MYRA REFUSED to let me go alone anywhere, much less north toward Tillamook, and it would have been a waste of time to argue with her, since she was driving. The gods and creatures had scattered, promising to be thorough and non-deadly in their search.

“Think Odin really only wanted to come if there was bloodshed?” Myra asked.

I stared out through the Douglas fir, hemlock, and sword ferns that crowded the side of the road.

“I think he and Thorne had some agreement about who gave up their vacation first. Probably some bet he won.”

“Poker?”

“Or that croquet game they started up a couple months ago.”

“Croquet.” Her voice held a level of disbelief we Reeds really should be done with by now. “Thor and Odin. Wickets and tiny mallets?”

“Tiny hammers,” I corrected with mock gravity. “They play it on the beach over at the cove. Apparently you can hear the swearing and insults for miles. A few of the other gods have joined in. I heard rumblings about starting a league. It’s serious business.”

“As long as no one dies,” she said.

That brought on a heavy silence.

“If we don’t find Cooper in time…” I said as Myra kept her eyes on the twisting road that rolled through cow farms and forested hills.

“We’ll find him.”

“If we don’t,” I said, a little more firmly, “I don’t want you or Jean trying to pick up the power.”

She was quiet. After another mile or so, she took in a short breath. “Do you really think Jean and I could stand on the sidelines while our home and the people we care for are being eaten by a god power that our family has vowed to guard?”

“No,” I said quietly. “But I think you could leave. Get out of the blast zone.”

“You aren’t paying attention, Delaney. You know we’d never walk away in a disaster.”

“I know.” I rubbed my eyes. The headache had gotten much worse with the song of power and exhausting pressure.

“We would never walk away from you,” she said.

The truth of that made my chest tight.

“Idiot. We love you. We are not going to lose you.”
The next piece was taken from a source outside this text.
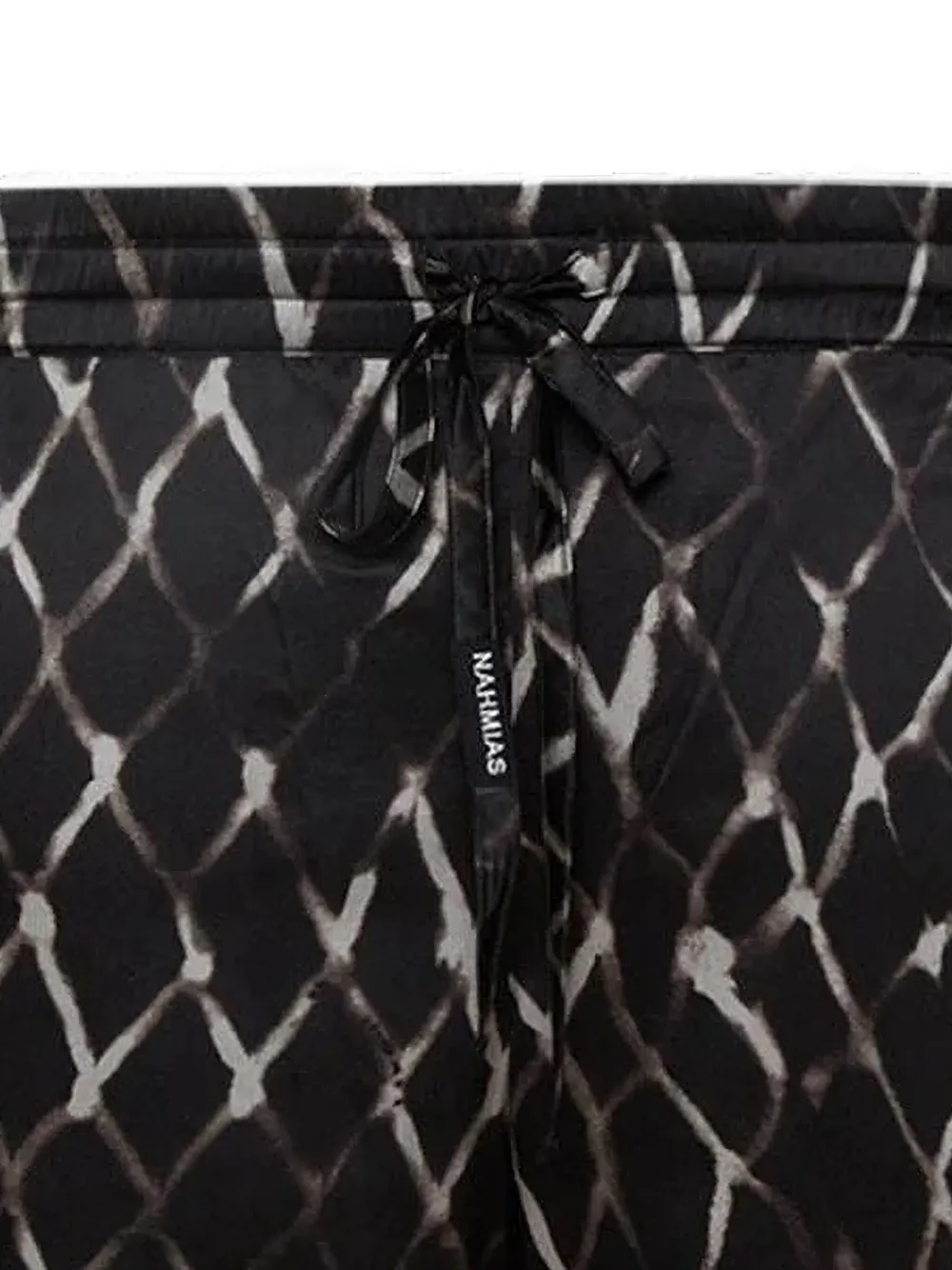 Nahmias elastic-waistband silk shorts | Tailored Shorts | Image 2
The pressure in my chest eased, and I closed my eyes against the overwhelming prickling of tears I refused to give in to. I sniffed and nodded. I was pretty sure I was the worst keeper of power in the history of the keepers of powers, but having Myra and Jean—my sisters, my family—at my back meant everything to me.

I rubbed at my eyes again, drawing away the wetness, and leaned my head against the window, hand propped over my eyebrows to shield the bright light. “Thanks.”

“You hurting?” she asked after another mile of silence.

“Some. Headache.”

“Sunglasses in the glove box.”

I reached forward and pulled out a spare pair of Aviators. I slipped them on, sighing a little at the relief. It wasn’t a lot, but any little bit helped.

“Take your pills?”

“I did. I think this is more Heimdall’s power being pissy than my injury being sore.”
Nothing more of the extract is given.